HtmlCleaner 2.0 release

Discussions

News: HtmlCleaner 2.0 release

  1. HtmlCleaner 2.0 release (8 messages)

    HtmlCleaner is Java library used to safely parse and transform any HTML found on web to well-formed XML. It is designed to be small, fast, flexible and independant. HtmlCleaner may be used in java code, as command line tool or as Ant task. Result of parsing is lightweight document object model which can easily be transformed to standards like DOM or JDom, or serialized to XML output in various ways (compact, pretty printed and so on). New version brings some importants improvements:
    • HtmlCleaner's document object model now has number of methods for node and atribute manipulation, so it is easy to search or modify it before serialization.
    • Basic XPath is supported on HtmlCleaner DOM
    • Creating custom tag set and rules for tag balancing is now much easier with XML configuration file.
    • Number of fixes and API improvements.
    From its first release, HtmlCleaner was tested and used by lot of developers who were giving valuable suggestions, bug reports and code patches. New version is trying to satisfy most of the requests and hopefully be useful for anyone who needs structured HTML.

    Threaded Messages (8)

  2. what about NekoHTML?[ Go to top ]

    How does HtmlCleaner compare to NekoHTML?
  3. Re: what about NekoHTML?[ Go to top ]

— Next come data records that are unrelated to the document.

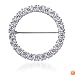 Gorgeous and Rich Circle of Lights: Sterling Silver Antique Style Circle Pin with Cubic Zirconia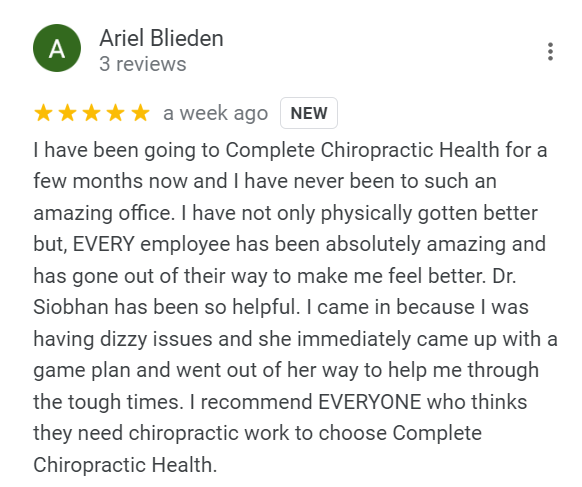 Complete Chiropractic Health Reviews on Google by Ariel Blieden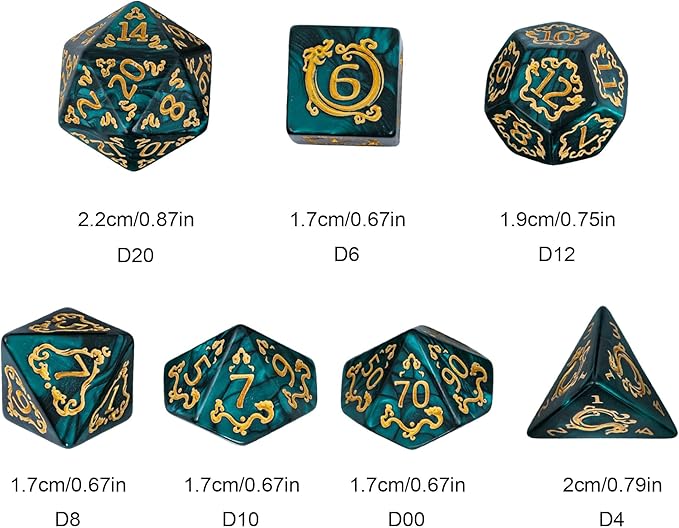 7-Die DND Dice Set Dragon Pattern Polyhedral Die with Leather Bag D&D Dice Set for RPG Table Games (Green W/Gold Dragon Pattern)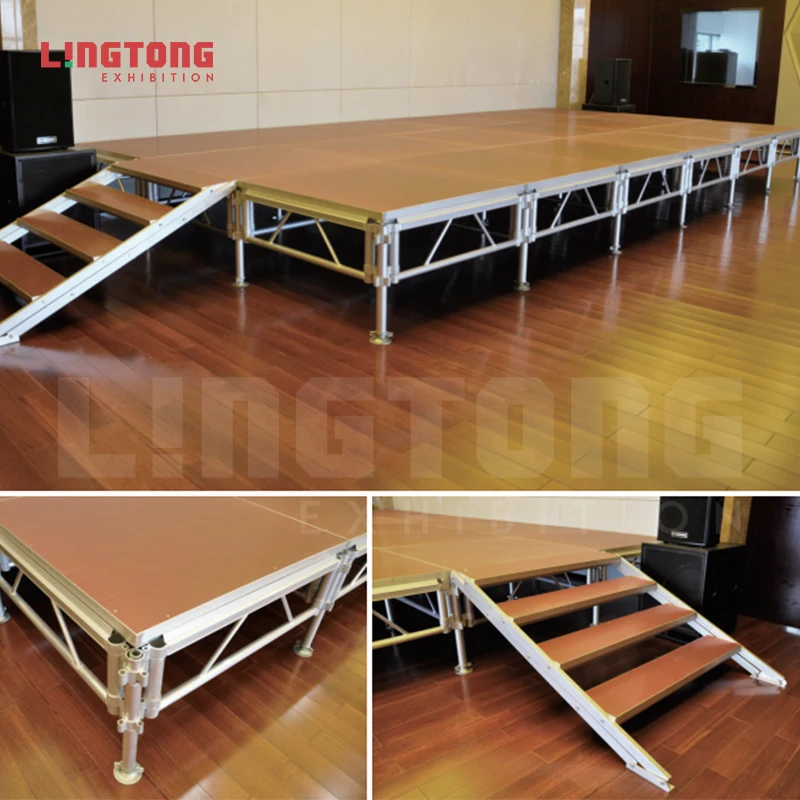 Modern Aluminum Frame Height Adjustable Flexible Stage Floor With Stage Stair For Live Show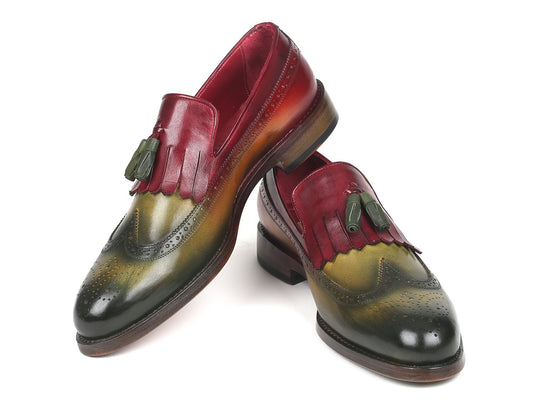 The Paul Parkman Kiltie Tassel Loafer in Green & Bordeaux (KT39RD) showcases a multicolored design with a gradient from green to red, featuring brogue detailing on the toe and crafted from hand-painted calfskin.
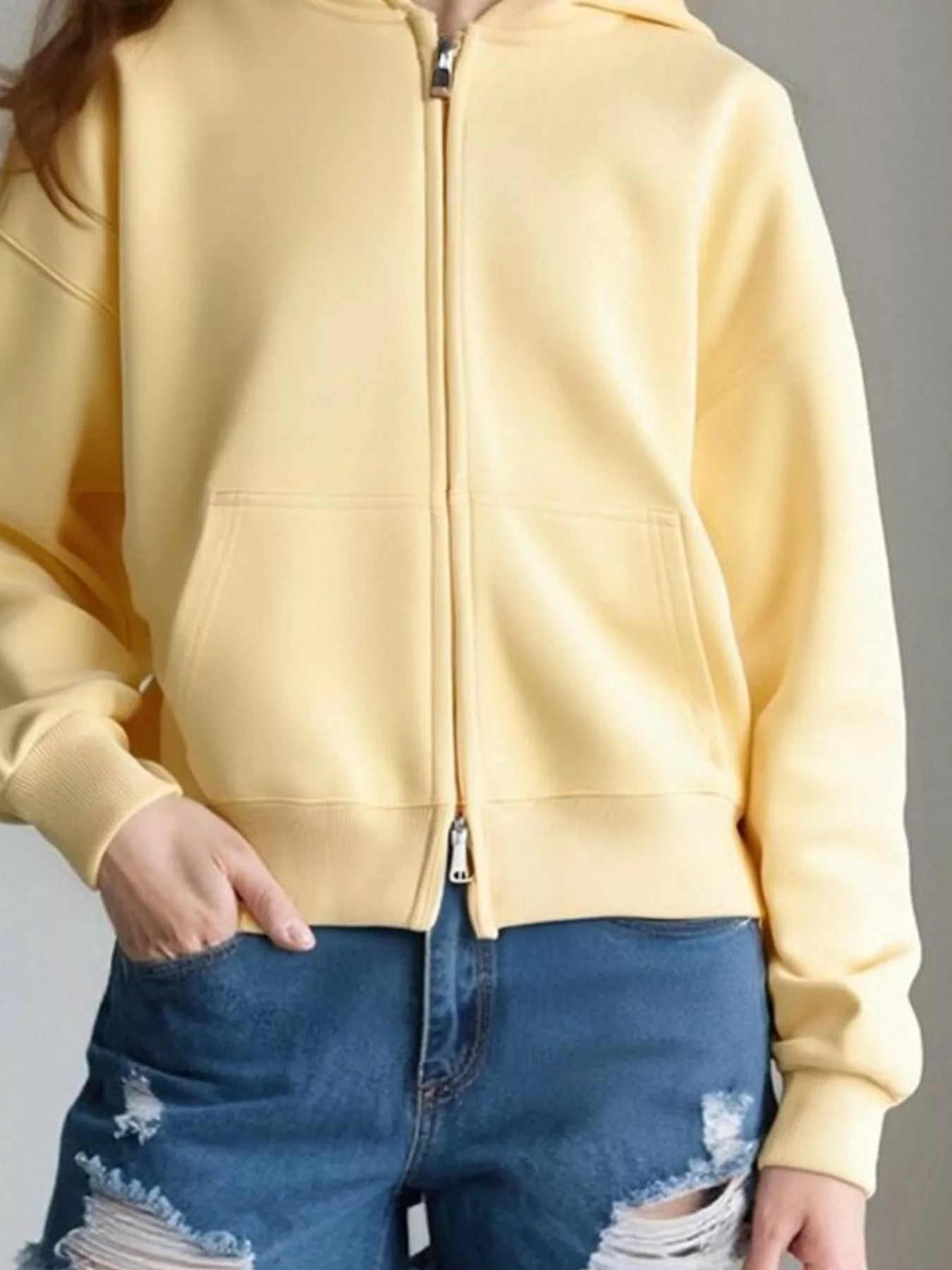 Full Size Casual Zip-Up Long Sleeve Hoodie Plus Size
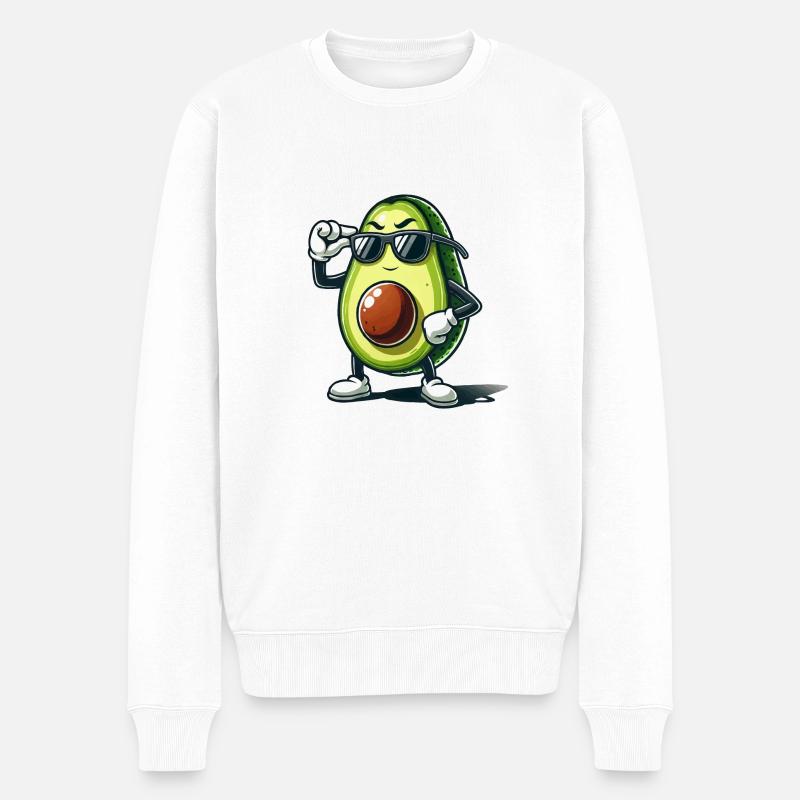 Avocado Comic Cool - Männer Premium Bio Pullover - Weiß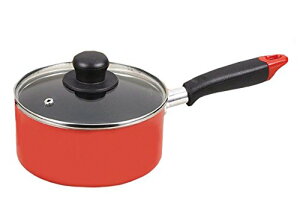 パール金属 ワコートレーディング 焼付塗装 片手鍋 16cm ガラス蓋付 ふっ素加工 IH対応 ニューフォア HB-8050 レッド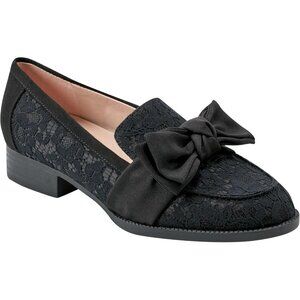 〽️Women's Black Lace Bandolino Lindio Loafer Comfort Dressy Slip On Shoes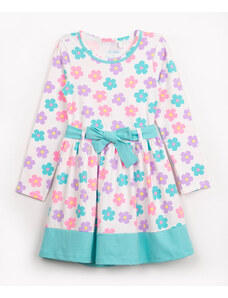 C&A vestido infantil de malha floral com laço manga longa off white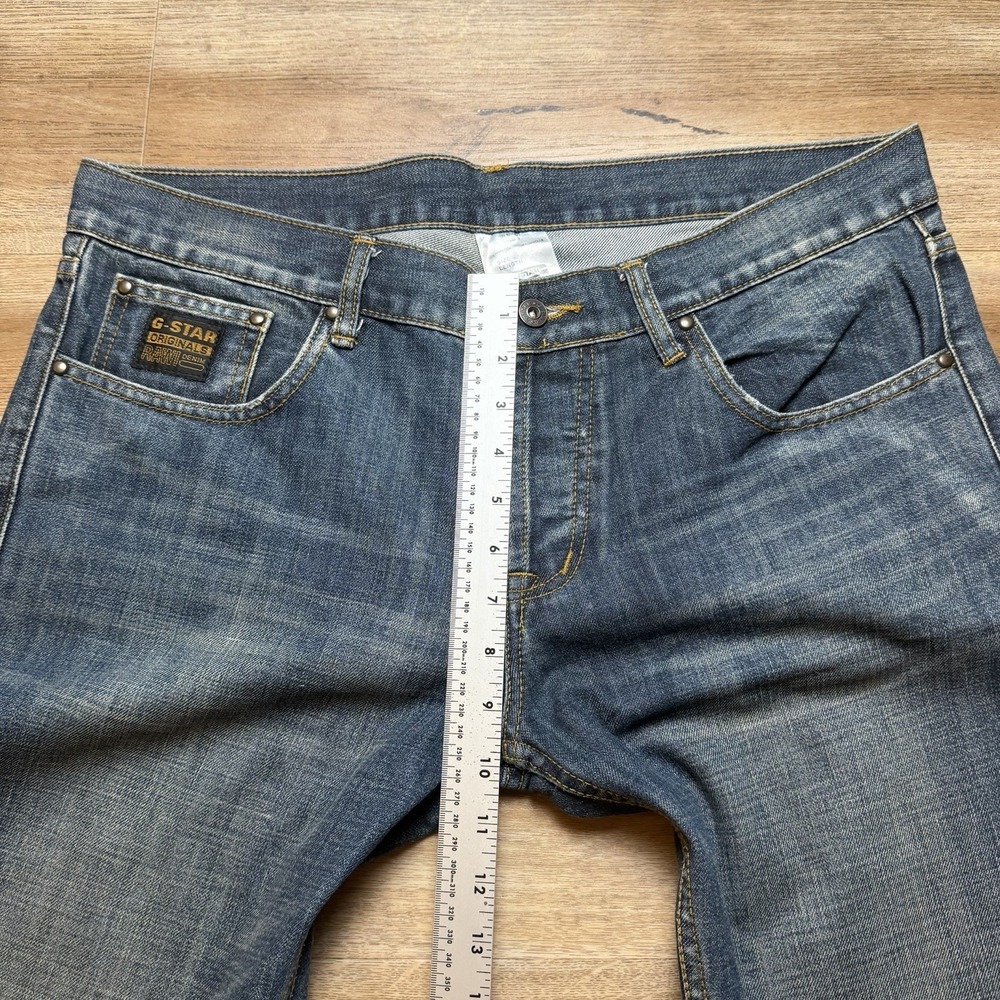 G-Star RAW Jeans Men 38x34 Blue Army Elwood Embroidered Medium Wash Denim Y2K - Picture 10 of 13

    How does HtmlCleaner compare to NekoHTML?
    HtmlCleaner was initially developed as helper project for other open-source project called Web-Harvest. At the time I was evaluating few best known Java-based HTML parsers: JTidy, TagSoup, NekoHTML - and wasn't happy at all. They simply didn't do the job. I needed reliable tool that will always produce well-formed XML. And here is the state from NekoHTML's home page: There are HTML documents for which NekoHTML cannot properly generate a well-formed XML document event stream...
  4. I *love* XPath. All this get child of child of child method stuff...bleah. XPath!
  5. Version 2.0 has very poor xpath support.

  6. Re: HtmlCleaner 2.0 release[ Go to top ]

    Great news, thanks! Always liked to use it at the times I've required such tool!
  7. What DOM implementation is used? It would be nice if Xerces was used as NekoHTML does.
  8. What DOM implementation is used?
    It would be nice if Xerces was used as NekoHTML does.
    It has internal DOM which is as light as possible, since performance was very important issue. However, if it doesn't satisfy the needs, it can be easily transformed to standard DOM or JDom.
  9. jericho[ Go to top ]

    Have you checked out Jericho? http://jerichohtml.sourceforge.net/doc/index.html Its pretty awesome, dealing with all sorts of HTML nonsense, and allows update/replace of elements, attributes, etc, while retaining non-well formedness.